In der ersten Woche drangen außer meinen Interviews mit Opfern und Helfern
nur wenige Stimmen in mein überlastetes Hirn. Es waren die, die sich
vorsichtig und mutig der Friede-Trauer-Einigkeit widersetzten. Von wegen
„Das sind nicht wir“: Doch, auch wir sind rassistisch. Auch wir haben
weggeschaut. Und der neuseeländische Spionagedienst war obendrein zehn
Jahre auf dem rechten Auge blind.
## Alle sangen gemeinsam die Nationalhymne
Die Tabubrecher – von der Sprecherin des Islamischen Frauenverbandes, Anjum
Rahman, bis zum TV-Reporter Jehan Casinader – leisteten den
Befreiungsschlag für nicht direkt Betroffene wie mich, die sich jedoch mit
einem anderen Dilemma plagen: Der australische Täter war ein white
supremacist, hing also einer Fantasie der Überlegenheit von Weißen an. Von
ihm bis zum NSU [3][ist es ideologisch kein allzu langer Weg].
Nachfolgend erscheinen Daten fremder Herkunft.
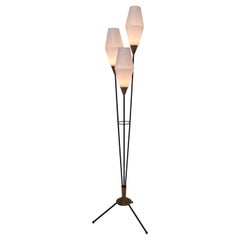 Vintage Mid Century Tripod Floor Lamp with Opaline Glass and Brass, Italy 1950's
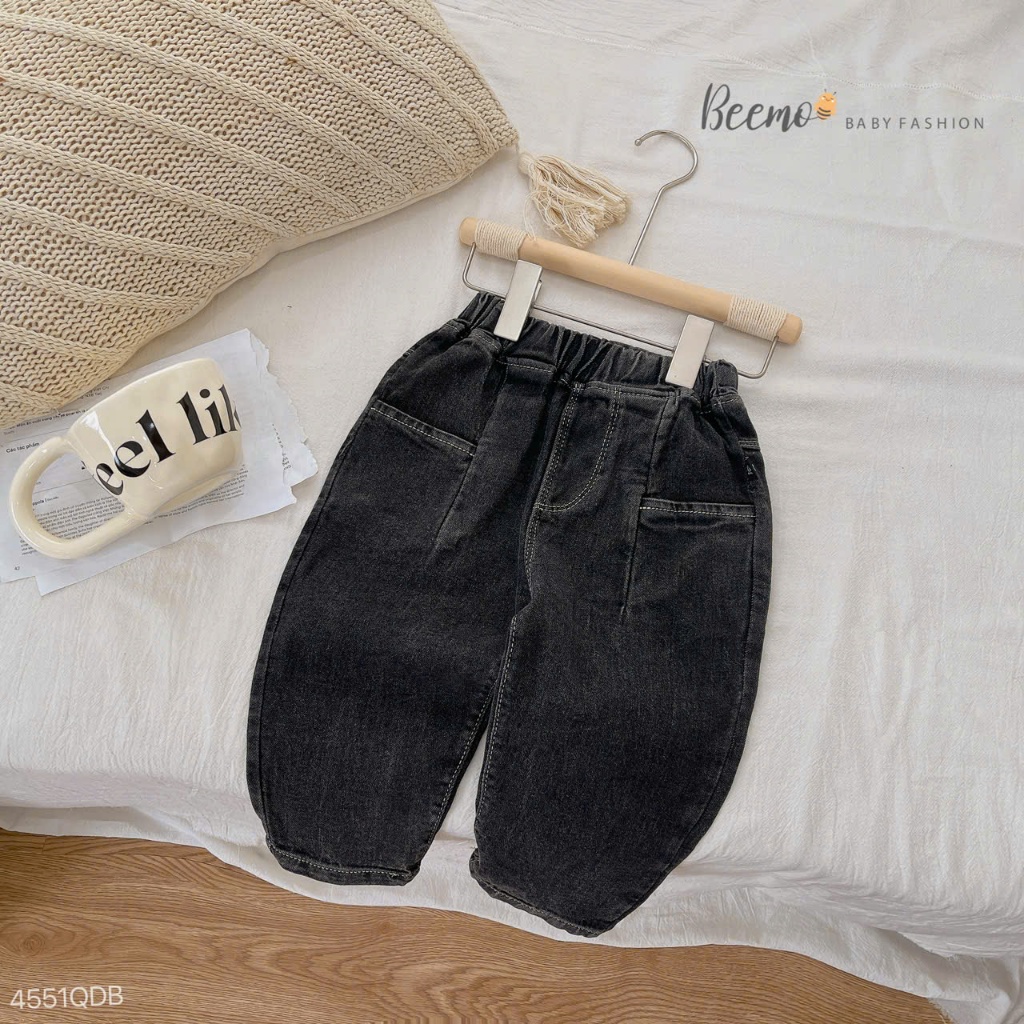 Quần jeans baggy bé trai, quần bò mềm trơn màu bé trai hàng đẹp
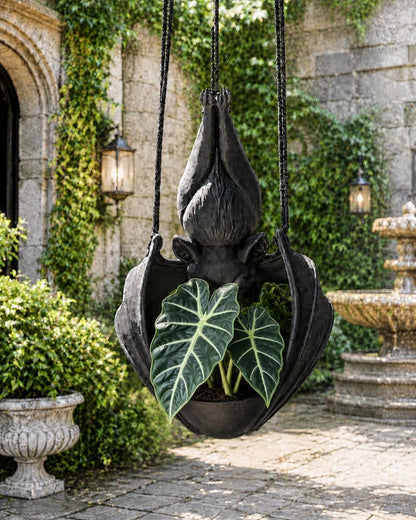 🎉🦇 Hanging Bat Plant Pot🎃Spooky Garden Decor Planter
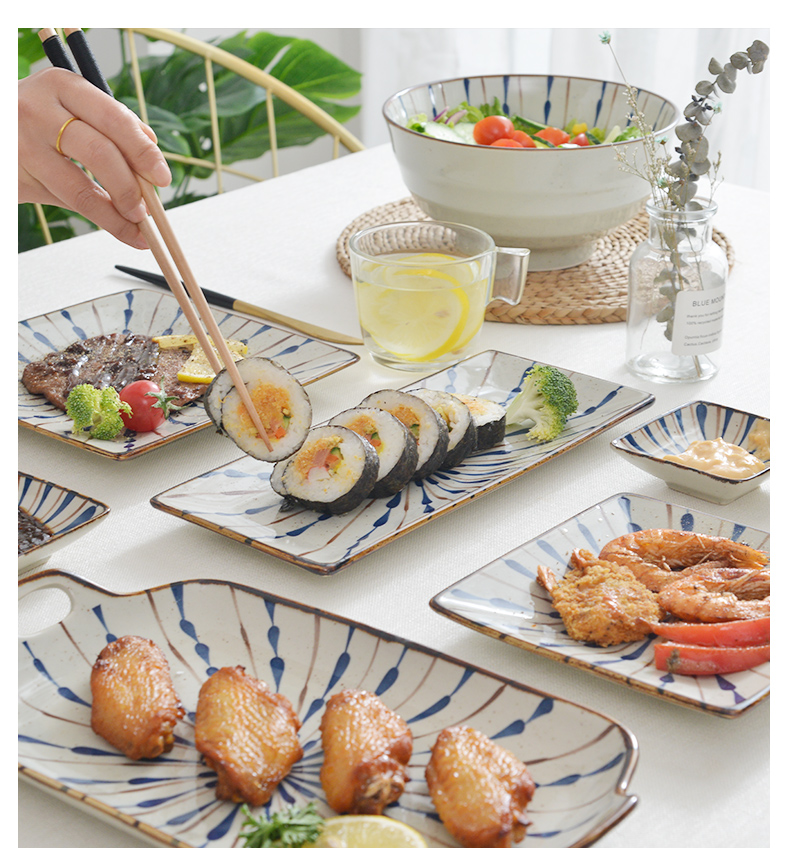 Under the glaze color Japanese dishes suit household northern wind creative ceramic bowl chopsticks tableware plate combination suit for dinner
Adolf Hitler ist international, und erst recht 18.000 Kilometer von Berlin
entfernt noch immer die erste Assoziation mit Deutschland – lange vor
Bier, Fußball, Lederhosen und Benz. Meine anerzogene nationale Scham hat
auch meine neuseeländische Staatsbürgerschaft nicht ausradieren können. In
den letzten Wochen prallte all das aufeinander.
Als wir vor 16 Jahren mit zwei kleinen Söhnen nach Neuseeland auswanderten,
war vieles dort neu: Busfahrer sind freundlich. „Nördlich“ bedeutet warm
und sonnig. Kinder rennen draußen barfuß rum. Spaghetti aus der Dose isst
man auf Toast. Vor den Morgennachrichten wird ein Vogelruf gesendet. Und
Hakenkreuze stören niemanden groß.
Ein Jahr war kaum rum, als wir zur ersten Demo gegen Rassismus in unserer
neuen Stadt trabten. Nicht die erste für uns, aber die erste in
Christchurch – organisiert von der asiatischen Community, die sich Hetze
und Angriffen ausgesetzt sah. Als wir uns mit unserem Kinderwagen in die
Schar einreihten, erwarteten wir weder Tränengas noch fliegende
Pflastersteine, aber wir hatten auch nicht mit dem Dutzend Neonazis
gerechnet, das sich stumm protestierend gegenüber aufstellte.
Es war nur ein kläglicher Haufen, ein Ableger der rechtsextremen National
Front, darunter auch ein Maori mit tätowiertem Hakenkreuz. Aus Höflichkeit
oder falsch verstandener Fairness reichte am Ende der Kundgebung jemand der
rechten Truppe das Megafon. „Keinen Fußbreit den Faschisten“ war den
krawallfreien Kiwis unbekannt. Am Ende sangen wir alle gemeinsam die
Nationalhymne. Ich konnte das und vieles andere nur mit Humor verarbeiten.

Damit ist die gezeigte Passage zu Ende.